人間たちは彼を『恥さらし』『百姓みたいだ』と罵り、
初恋の雌馬ビャゾプーリハも『あんた、まだらだもの。怖い』
と言い残して白馬の少年ミールイのところに行ってしまった。
彼に、世間並みの幸福が何一つ許されなかったのは、
彼自身がなんらかの罪を犯したからではなく、
ただ、彼が『まだら』に生まれついたためだった。

トルストイはこれを、直接的には、農奴の生き様として書いた筈だ。
トルストイの生きていた当時の現実社会において、
農奴を初めとする貧困層の生活の実態と、その改善への願いを、
おそらくこの作品の中に織り込んだものだと思われる。
しかし同時に、これは普遍的なテーマとしても読むことができるのだ。
『まだら』は、ほかの多くの言葉に言い換えることが可能だろう。

例えば、どこの国でも経てきたであろう人種差別、女性差別の問題、
或いは日本で我々が今も経験する、民族差別や差別の問題、
いずれの場にも、今もなお厳然として階層の別があり、不条理がある。
19世紀のロシア貴族だったトルストイの書いた、一頭の馬の物語の中に、
異国の異文化の中にいる我々が、今も容易に自分を投影することができる。
だからこそ、まだら馬ホルストメールの生涯が、我々の胸を打つのだと思う。

また、ホルストメールの中に信仰の物語を見いだすこともできるだろう。
生まれた翌朝、厩頭に後足を叩かれたことに始まって、
ホルストメールは生涯に渡って、人間や他の馬からの打擲を受けたが、
彼はついぞ、それらに暴力をもって刃向かうという発想を持たなかった。
彼は、公爵の与えてくれた僅か二年の輝かしい日々に感謝こそすれ、
病んだ彼を見捨てた公爵を恨んだことなどなく、最後まで愛した。
過去の栄光に奢ることがなく、逆境にあっても誰をも妬まなかった。
悲しみに心乱れることはあっても、明日を思い煩うことはしなかった。
その生涯の大半を誰からも顧みられず、何を主張することもなく、
ただ誠実に素直に生きた。
そして死後は皮や肉や骨のすべてが、あとに生きる者達の糧となり、
見知らぬ者たちの命となって受け継がれた。
ホルストメールは、一見みじめでも、堂々たる老馬だったのだ。
彼の生涯こそは、常に最も根元的なあり方で、
神の御旨にかなったものだったと言えるだろう。

これとある意味で対照的に描かれるのが、
彼の飼い主となったセルプホフスコーイ公爵の物語だ。
ホルストメールと出会ったときの公爵は、
軽騎兵将校としての高い地位と破格の年収、広大な領地を持ち、
美しくしなやかな肉体と何者をも恐れぬ気性に恵まれた、
輝くばかりの25歳だった。
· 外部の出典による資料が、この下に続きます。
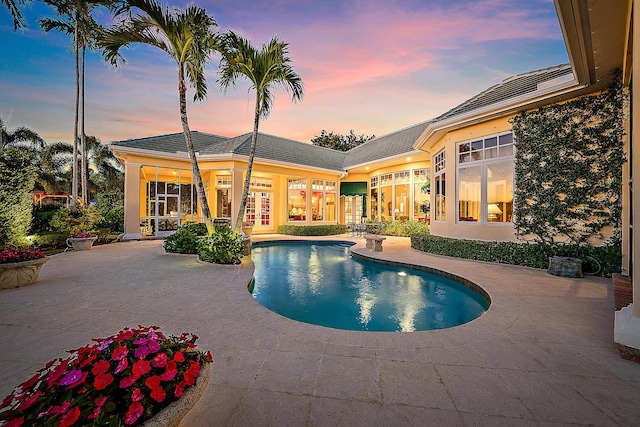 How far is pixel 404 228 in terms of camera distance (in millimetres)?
15789

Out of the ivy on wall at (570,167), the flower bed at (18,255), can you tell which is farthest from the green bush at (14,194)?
the ivy on wall at (570,167)

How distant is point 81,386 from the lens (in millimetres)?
1382

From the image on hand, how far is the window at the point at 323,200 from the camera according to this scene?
1906cm

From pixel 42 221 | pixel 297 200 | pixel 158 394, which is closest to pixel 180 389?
pixel 158 394

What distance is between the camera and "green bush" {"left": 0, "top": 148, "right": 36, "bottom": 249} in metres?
7.25

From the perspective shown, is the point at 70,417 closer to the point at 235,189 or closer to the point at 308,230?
the point at 235,189

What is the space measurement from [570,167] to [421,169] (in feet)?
28.9

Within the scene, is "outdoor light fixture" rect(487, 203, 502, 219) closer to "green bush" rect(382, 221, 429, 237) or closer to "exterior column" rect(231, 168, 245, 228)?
"green bush" rect(382, 221, 429, 237)

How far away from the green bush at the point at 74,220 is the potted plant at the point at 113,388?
44.6 feet

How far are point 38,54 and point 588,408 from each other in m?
22.1

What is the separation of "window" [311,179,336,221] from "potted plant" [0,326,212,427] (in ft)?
56.7

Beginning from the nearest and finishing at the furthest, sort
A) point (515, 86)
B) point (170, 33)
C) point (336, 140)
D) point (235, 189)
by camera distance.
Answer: point (170, 33)
point (515, 86)
point (235, 189)
point (336, 140)

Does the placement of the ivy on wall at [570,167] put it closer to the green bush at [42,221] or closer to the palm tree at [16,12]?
the palm tree at [16,12]

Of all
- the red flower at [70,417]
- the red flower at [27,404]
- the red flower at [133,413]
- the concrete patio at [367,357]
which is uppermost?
the red flower at [70,417] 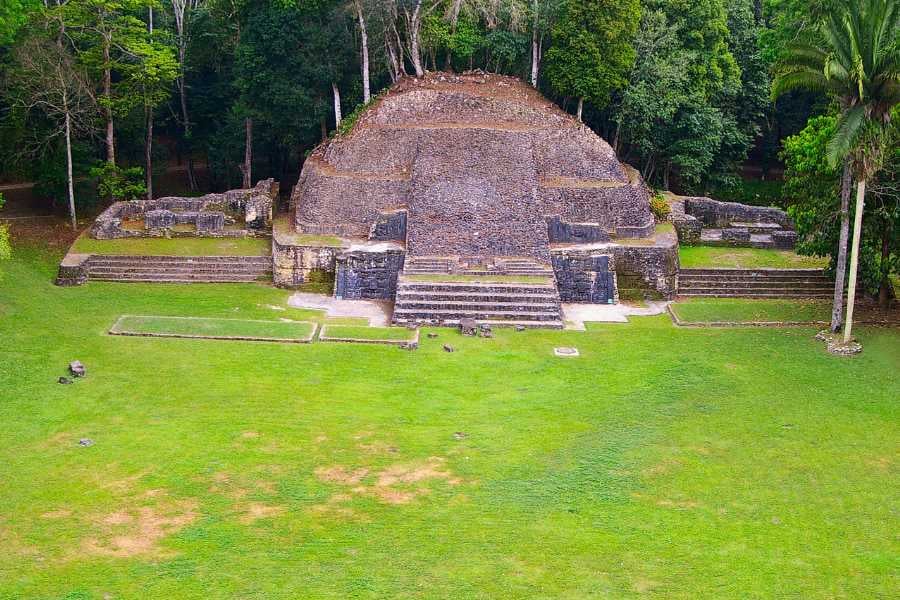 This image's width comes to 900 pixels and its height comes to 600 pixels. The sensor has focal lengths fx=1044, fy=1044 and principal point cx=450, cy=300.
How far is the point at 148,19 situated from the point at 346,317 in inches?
890

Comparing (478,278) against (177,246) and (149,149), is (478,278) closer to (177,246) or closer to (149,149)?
(177,246)

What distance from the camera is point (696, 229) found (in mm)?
29656

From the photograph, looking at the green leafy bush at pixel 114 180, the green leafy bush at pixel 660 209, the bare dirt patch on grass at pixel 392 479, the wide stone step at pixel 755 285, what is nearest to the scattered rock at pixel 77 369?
the bare dirt patch on grass at pixel 392 479

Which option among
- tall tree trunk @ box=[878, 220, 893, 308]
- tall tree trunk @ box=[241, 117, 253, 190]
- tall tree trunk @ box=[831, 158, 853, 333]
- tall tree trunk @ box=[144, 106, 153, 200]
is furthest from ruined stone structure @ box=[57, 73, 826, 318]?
tall tree trunk @ box=[144, 106, 153, 200]

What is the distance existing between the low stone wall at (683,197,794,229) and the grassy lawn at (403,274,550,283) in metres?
8.73

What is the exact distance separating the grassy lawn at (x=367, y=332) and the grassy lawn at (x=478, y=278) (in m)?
2.00

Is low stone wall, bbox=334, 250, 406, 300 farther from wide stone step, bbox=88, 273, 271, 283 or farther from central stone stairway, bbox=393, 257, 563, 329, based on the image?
wide stone step, bbox=88, 273, 271, 283

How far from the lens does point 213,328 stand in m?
22.2

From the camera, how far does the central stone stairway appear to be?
23.6m

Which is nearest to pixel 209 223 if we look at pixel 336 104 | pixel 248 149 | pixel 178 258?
pixel 178 258

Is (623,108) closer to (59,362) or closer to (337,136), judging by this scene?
(337,136)

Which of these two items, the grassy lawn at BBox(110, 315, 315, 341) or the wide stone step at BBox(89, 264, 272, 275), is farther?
the wide stone step at BBox(89, 264, 272, 275)

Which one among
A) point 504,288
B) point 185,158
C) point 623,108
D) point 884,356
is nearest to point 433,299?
point 504,288

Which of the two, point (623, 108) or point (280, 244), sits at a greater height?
point (623, 108) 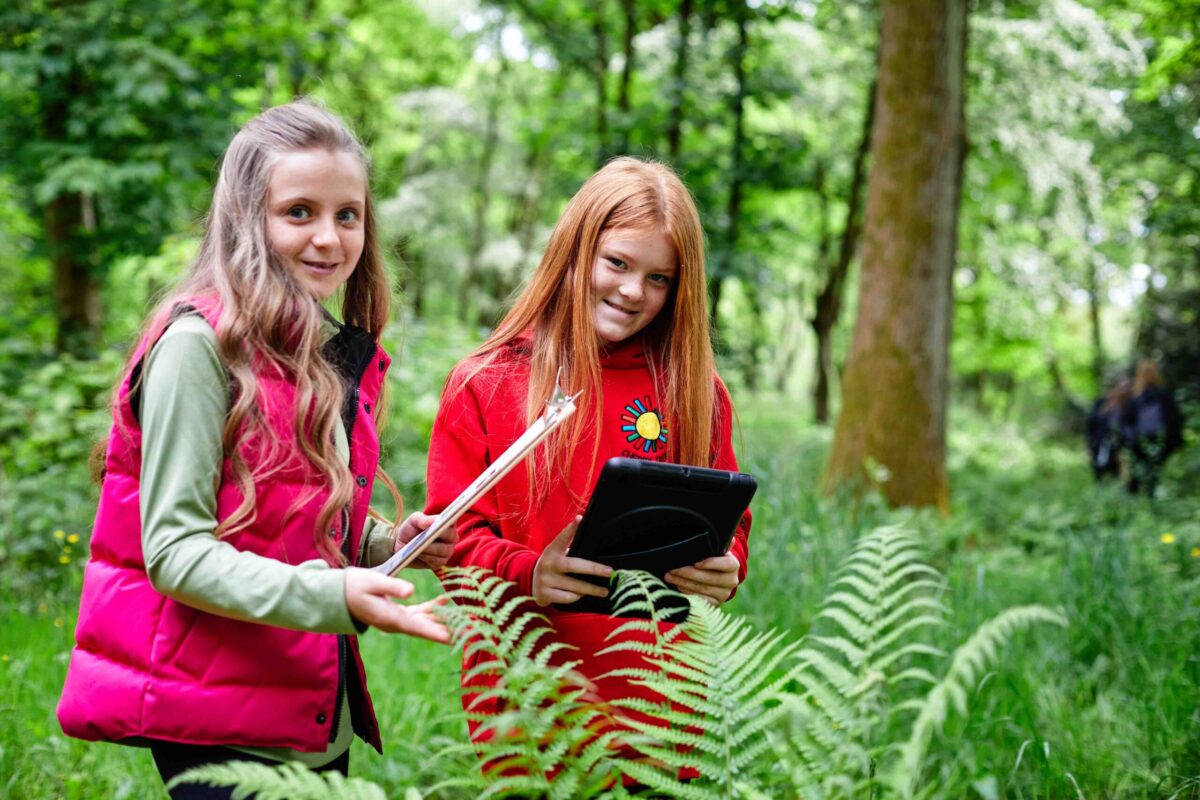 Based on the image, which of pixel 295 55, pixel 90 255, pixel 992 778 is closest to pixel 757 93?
pixel 295 55

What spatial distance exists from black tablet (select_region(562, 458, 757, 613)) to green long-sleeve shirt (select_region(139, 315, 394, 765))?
0.46 metres

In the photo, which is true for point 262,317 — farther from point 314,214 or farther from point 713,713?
point 713,713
彼に心惹かれぬ者は無かった。
彼はまた、人を見る目も、馬を見る目もあったから、
百姓のフェオファーンを自分の御者頭に取り立てたのと同様に、
作業馬のホルストメールを買い取り、自分専用の乗用馬に仕立てた。
公爵はこの世の、ありとあらゆる幸福を持っていた。
しかし運命が狂い始め、それらを次々と失ったとき、
最後に彼は、何の役にも立たない、みじめで哀れな老人になった。
彼の持っていたはずの幸福は、実はすべてが虚飾であり、
何一つ、彼の魂を救うものでは無かったのだ。